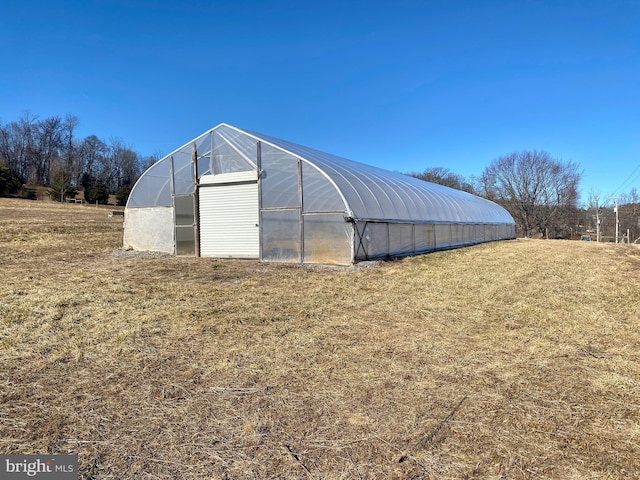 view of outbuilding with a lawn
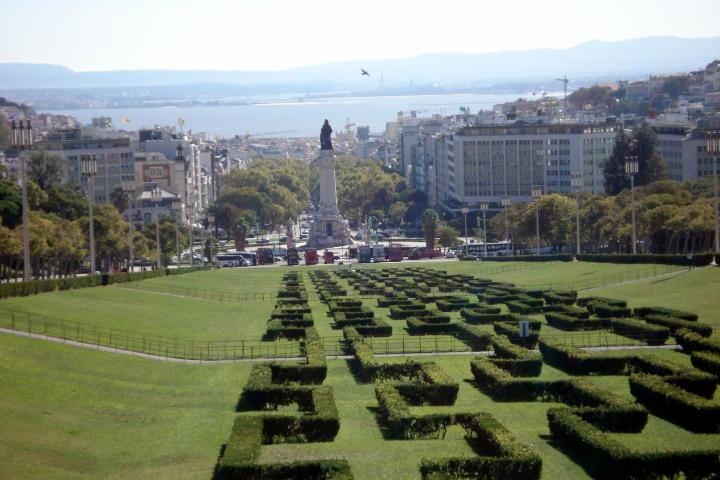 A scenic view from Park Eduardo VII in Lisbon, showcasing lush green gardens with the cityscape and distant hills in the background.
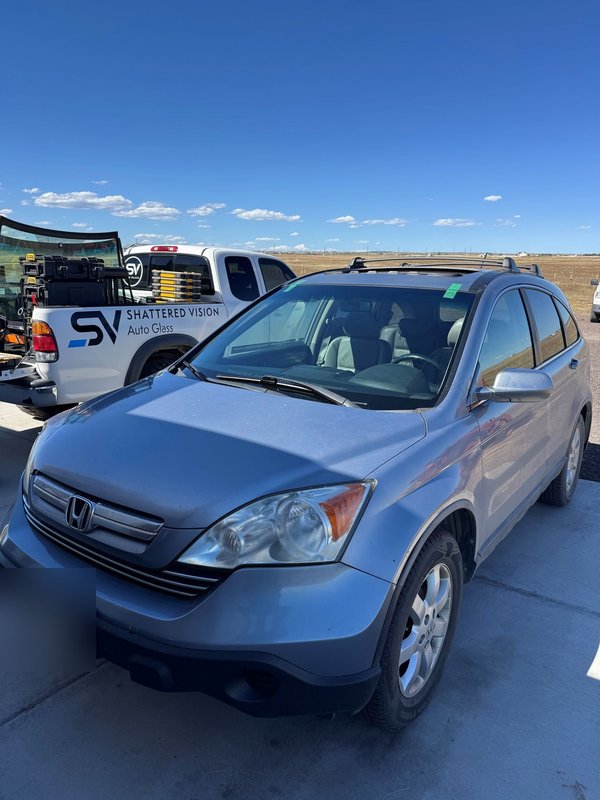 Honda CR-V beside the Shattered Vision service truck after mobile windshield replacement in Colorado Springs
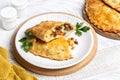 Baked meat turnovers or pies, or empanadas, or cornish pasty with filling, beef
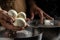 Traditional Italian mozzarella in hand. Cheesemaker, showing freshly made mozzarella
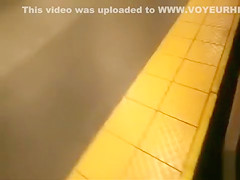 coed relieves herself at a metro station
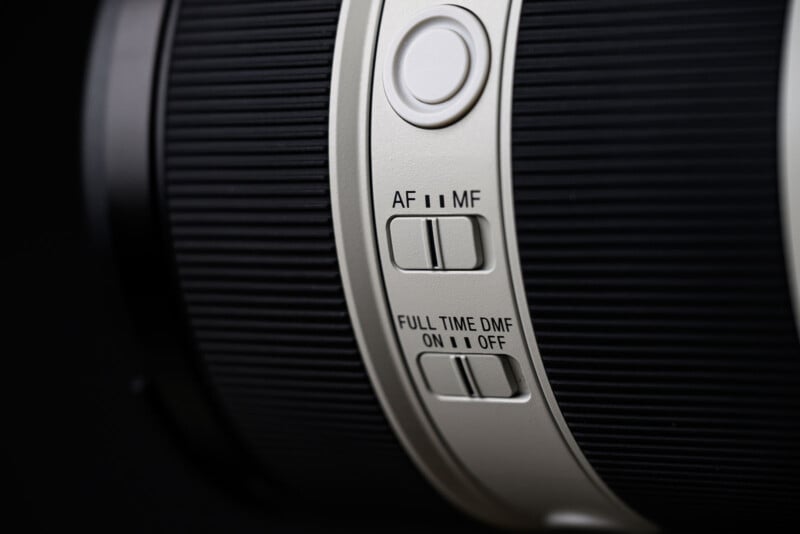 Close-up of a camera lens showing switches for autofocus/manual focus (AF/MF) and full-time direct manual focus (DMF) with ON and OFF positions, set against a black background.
++++
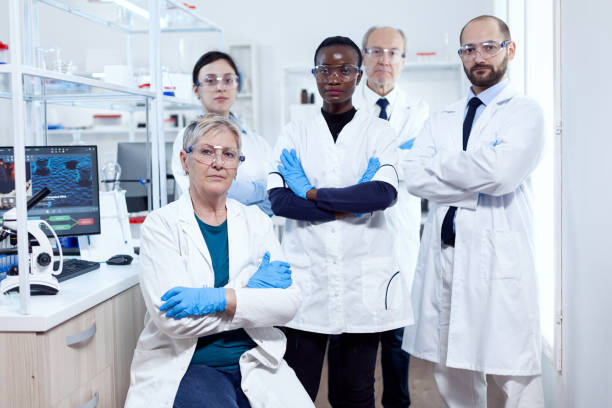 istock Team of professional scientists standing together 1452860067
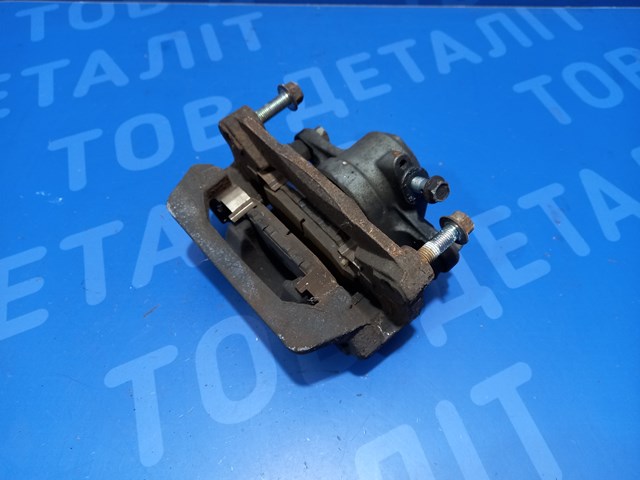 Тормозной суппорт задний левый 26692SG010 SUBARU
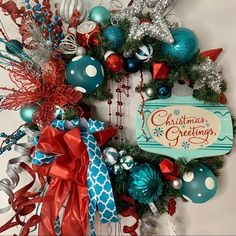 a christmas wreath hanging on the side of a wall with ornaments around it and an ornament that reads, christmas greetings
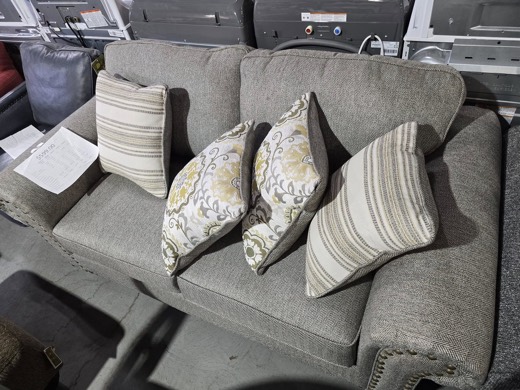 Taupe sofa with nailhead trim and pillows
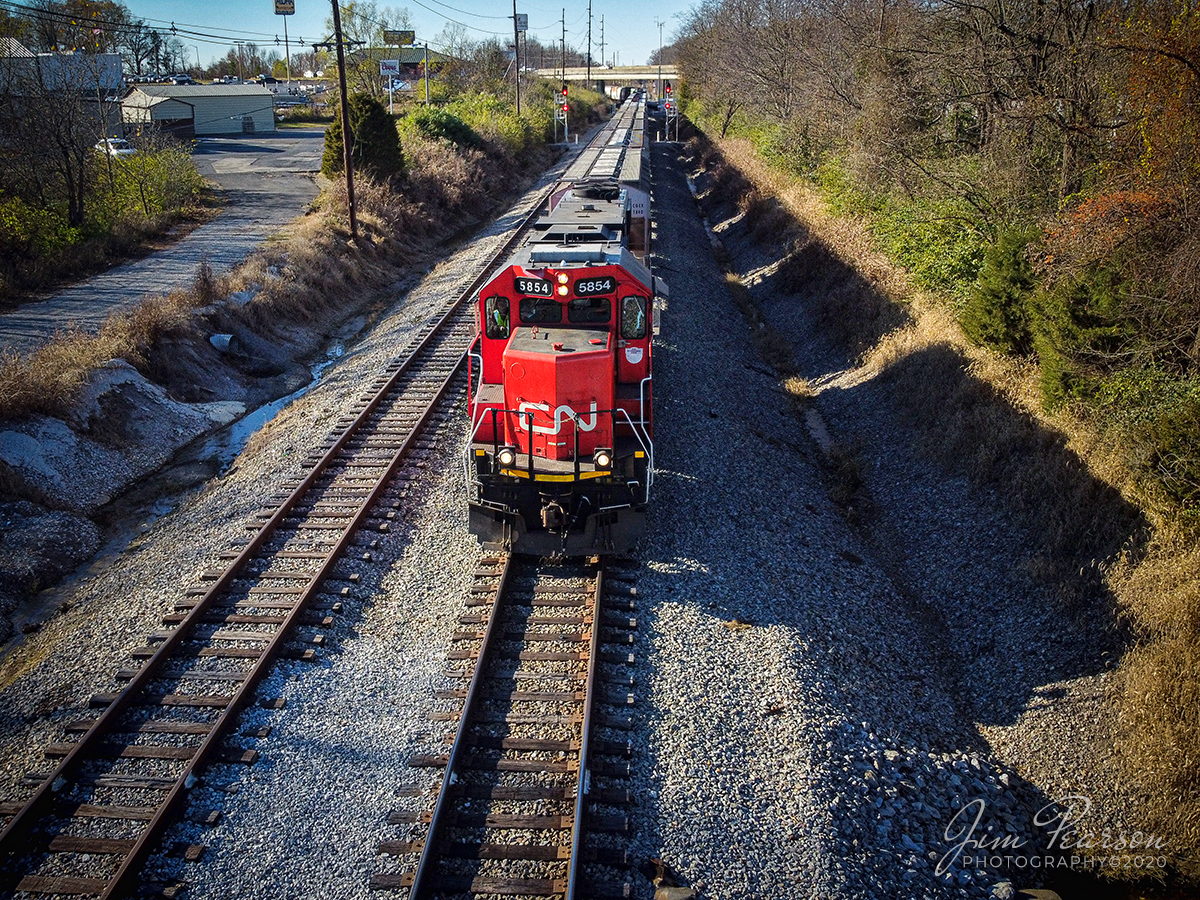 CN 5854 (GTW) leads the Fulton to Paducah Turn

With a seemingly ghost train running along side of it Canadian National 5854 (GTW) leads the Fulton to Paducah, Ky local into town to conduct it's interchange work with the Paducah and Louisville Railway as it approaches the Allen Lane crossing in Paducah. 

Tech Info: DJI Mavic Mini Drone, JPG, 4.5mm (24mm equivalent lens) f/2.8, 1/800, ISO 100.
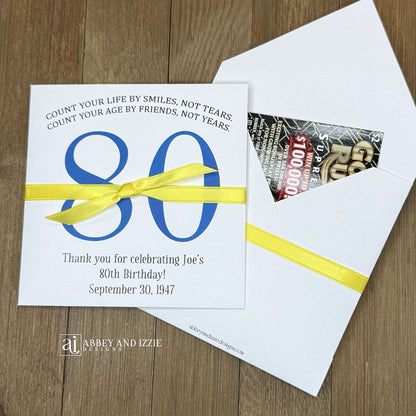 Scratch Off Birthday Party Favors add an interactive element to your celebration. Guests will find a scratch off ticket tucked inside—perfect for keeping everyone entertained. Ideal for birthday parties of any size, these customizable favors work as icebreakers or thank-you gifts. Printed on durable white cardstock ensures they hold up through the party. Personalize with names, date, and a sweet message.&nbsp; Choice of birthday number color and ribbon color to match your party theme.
++++
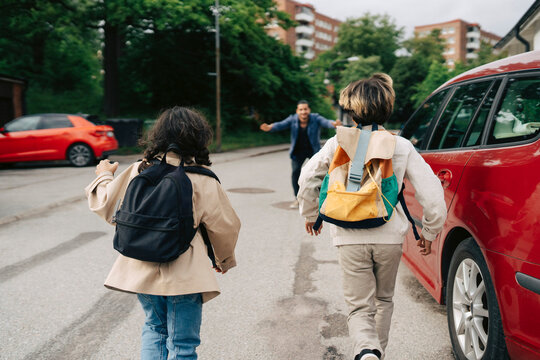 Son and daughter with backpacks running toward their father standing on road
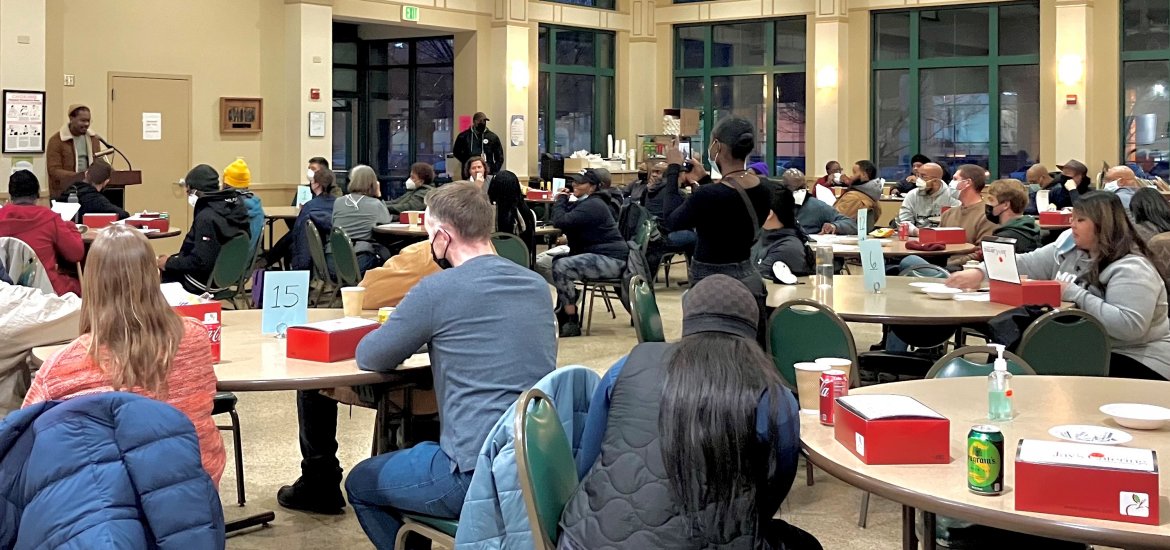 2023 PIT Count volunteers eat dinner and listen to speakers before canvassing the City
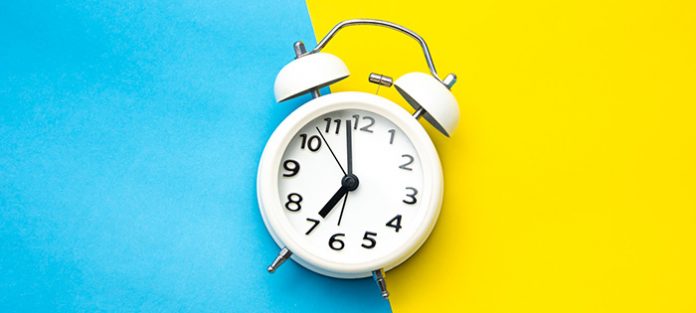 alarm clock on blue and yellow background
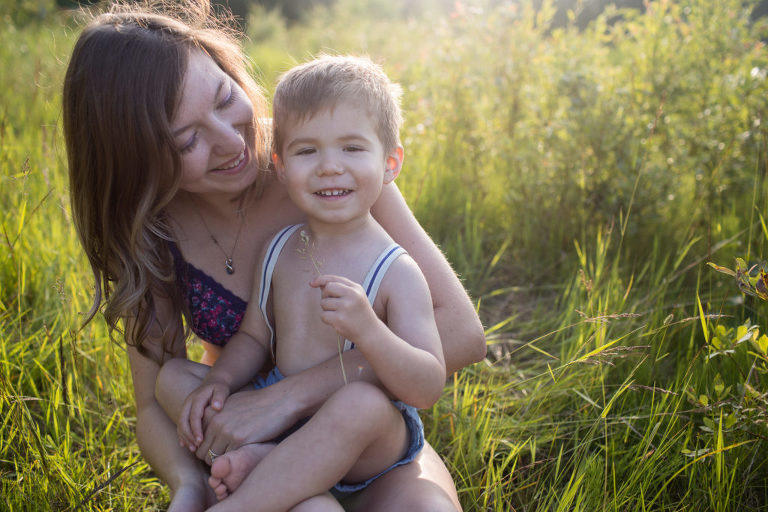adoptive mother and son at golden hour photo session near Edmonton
++++
▶ THE TASK
Only one stretch of the listing is wanted: the lines starting at the one with "Тормозной суппорт задний" and ending at the one with "Scratch Off Birthday", copied exactly and free of pictures.

▶ SOLUTION
 Тормозной суппорт задний левый 26692SG010 SUBARU
 a christmas wreath hanging on the side of a wall with ornaments around it and an ornament that reads, christmas greetings
 Taupe sofa with nailhead trim and pillows
 CN 5854 (GTW) leads the Fulton to Paducah Turn

With a seemingly ghost train running along side of it Canadian National 5854 (GTW) leads the Fulton to Paducah, Ky local into town to conduct it's interchange work with the Paducah and Louisville Railway as it approaches the Allen Lane crossing in Paducah. 

Tech Info: DJI Mavic Mini Drone, JPG, 4.5mm (24mm equivalent lens) f/2.8, 1/800, ISO 100.
 Scratch Off Birthday Party Favors add an interactive element to your celebration. Guests will find a scratch off ticket tucked inside—perfect for keeping everyone entertained. Ideal for birthday parties of any size, these customizable favors work as icebreakers or thank-you gifts. Printed on durable white cardstock ensures they hold up through the party. Personalize with names, date, and a sweet message.&nbsp; Choice of birthday number color and ribbon color to match your party theme.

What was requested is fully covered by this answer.